Marketing to boomers: the elusive sweet spot

Screen shot 2013-10-28 at 11.08.45 PM
Many companies still haven’t figured out how to market to boomers, including P&G and its corporate, faculty and student partners in its Live Well Collaborative innovation lab – whose goal is to research and develop product ideas for consumers age 50 and over. While they’ve completed 37 projects, they’ve yet to commercialize a single product.

This article on bloomberg.com – Aging Boomers Befuddle Marketers Aching for $15 Trillion Prize – underscores the enormous (though still untapped) opportunity available to brand marketers who can crack the code on this still underserved segment of 50+ consumers.

Dimensioning The Opportunity

According to Nielsen, more than half of the U.S. adult population in 2017 will be 50+ and they will control a full 70% of the disposable income. By 2050, there will be 161 million 50+ consumers, a 63% increase over 2010. Maybe it’s just me, but this seems to translate into a pretty sexy market. In spite of this, only about 15% of all ad dollars are spent against this demographic (though they account for almost 50% of CPG sales).

And beyond the sheer size of the market, consider just a few media consumption and spending statistics:
• Boomers watch 174 hours of television a month, 63% more than Millenials
• More than 50% are on Facebook
• They’re almost equally engaged to the same level of younger generational groups on all major social media platforms
• They spend $7 billion online annually, and this is quickly rising

So What’s Missing?

Existing 50-plus targeted products aren’t creating a lasting emotional connection with older consumers. Case in point is that nobody aspires to own products like adult diapers and denture adhesives. While some need to spend their money on these essentials (and they are, to the tune of $600 million annually on Depend), they have the dollars and the desire to spend (and splurge) on the things they truly want – the products and services that help them to not only feel better, but to look better and play better. That’s where companies so far have failed.

Cracking The Code

The challenge (and opportunity) is for brand marketers to make their brands more relevant to this massive market. But to do this, marketers need to view this market with a fresh set of eyes, and let go of some common misconceptions.

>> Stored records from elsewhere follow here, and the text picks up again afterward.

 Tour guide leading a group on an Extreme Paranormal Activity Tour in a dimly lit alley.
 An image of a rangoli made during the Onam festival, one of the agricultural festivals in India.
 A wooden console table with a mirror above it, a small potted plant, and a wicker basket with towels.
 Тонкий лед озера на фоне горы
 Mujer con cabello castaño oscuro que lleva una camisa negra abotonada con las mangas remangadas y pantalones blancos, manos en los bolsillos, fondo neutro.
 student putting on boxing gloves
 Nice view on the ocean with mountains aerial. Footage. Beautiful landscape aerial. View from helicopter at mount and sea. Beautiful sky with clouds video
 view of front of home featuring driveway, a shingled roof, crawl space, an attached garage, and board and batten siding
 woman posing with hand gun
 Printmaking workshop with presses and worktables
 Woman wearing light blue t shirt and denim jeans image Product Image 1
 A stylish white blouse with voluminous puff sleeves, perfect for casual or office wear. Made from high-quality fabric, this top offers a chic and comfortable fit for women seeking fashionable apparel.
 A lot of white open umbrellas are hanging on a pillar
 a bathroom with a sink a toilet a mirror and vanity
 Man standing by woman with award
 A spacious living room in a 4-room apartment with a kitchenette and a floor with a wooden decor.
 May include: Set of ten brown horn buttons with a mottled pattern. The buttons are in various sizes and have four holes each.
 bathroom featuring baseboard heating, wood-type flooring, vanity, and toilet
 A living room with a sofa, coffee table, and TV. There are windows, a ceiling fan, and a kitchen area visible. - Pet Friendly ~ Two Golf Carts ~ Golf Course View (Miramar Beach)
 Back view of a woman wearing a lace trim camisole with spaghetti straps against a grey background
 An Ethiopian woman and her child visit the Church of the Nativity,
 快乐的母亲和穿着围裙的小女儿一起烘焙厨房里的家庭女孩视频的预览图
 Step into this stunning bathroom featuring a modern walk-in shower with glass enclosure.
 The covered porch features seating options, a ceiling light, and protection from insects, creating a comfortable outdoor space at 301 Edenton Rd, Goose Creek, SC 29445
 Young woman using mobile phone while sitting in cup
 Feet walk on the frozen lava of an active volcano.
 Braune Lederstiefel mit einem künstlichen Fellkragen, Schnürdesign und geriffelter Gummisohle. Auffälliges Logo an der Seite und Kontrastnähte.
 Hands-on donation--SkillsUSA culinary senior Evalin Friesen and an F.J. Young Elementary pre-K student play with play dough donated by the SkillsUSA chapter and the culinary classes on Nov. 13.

First. Even a discussion about the 50+ market in general can lead you down the wrong path, as it’s comprised of multiple lifestyle and attitudinal segments. Working or retired, in good health or in need of care, kids at home or empty nesters – these are just a few of the variables that distinguish these sub-groups and impact the relevancy of your marketing.

Second. Older consumers buy the same brands they always have. If that was true, says Ken Dychtwald, a gerontologist who’s been studying seniors for 40 years, ” I would still be driving a Chevy Impala and wearing English Leather.” On the contrary, Baby Boomers might just be the single most vibrant and exciting consumer group in the world.

Third. Boomers and seniors are cheap. Wrong. Boomers spend more than any other group on leisure and lifestyle. Same when it comes to their pets (their kid and grandkid fill-ins). And a survey of 3,000 60+ consumers by consulting firm A.T. Kearney found they’re not particularly price sensitive. Reinforcing this point, consider that more than 40% of Apple products are bought by boomers, according to Nielsen.

The lesson to be learned is that getting caught up in the stereotypes that surround the 50+ market are detrimental to your business. Rather, to your great financial benefit, learn how to cultivate the relationships with these people who have many more years of living and spending ahead of them. Do this by moving beyond their “must-haves” and reminders that time is winding down to creating experience-rich products and services that respond to their wants and aspirations.

Can you fill the elusive sweet spot and be the friendliest 50+ brand in your category? You only have a global market worth $15 trillion by the end of the decade as your prize.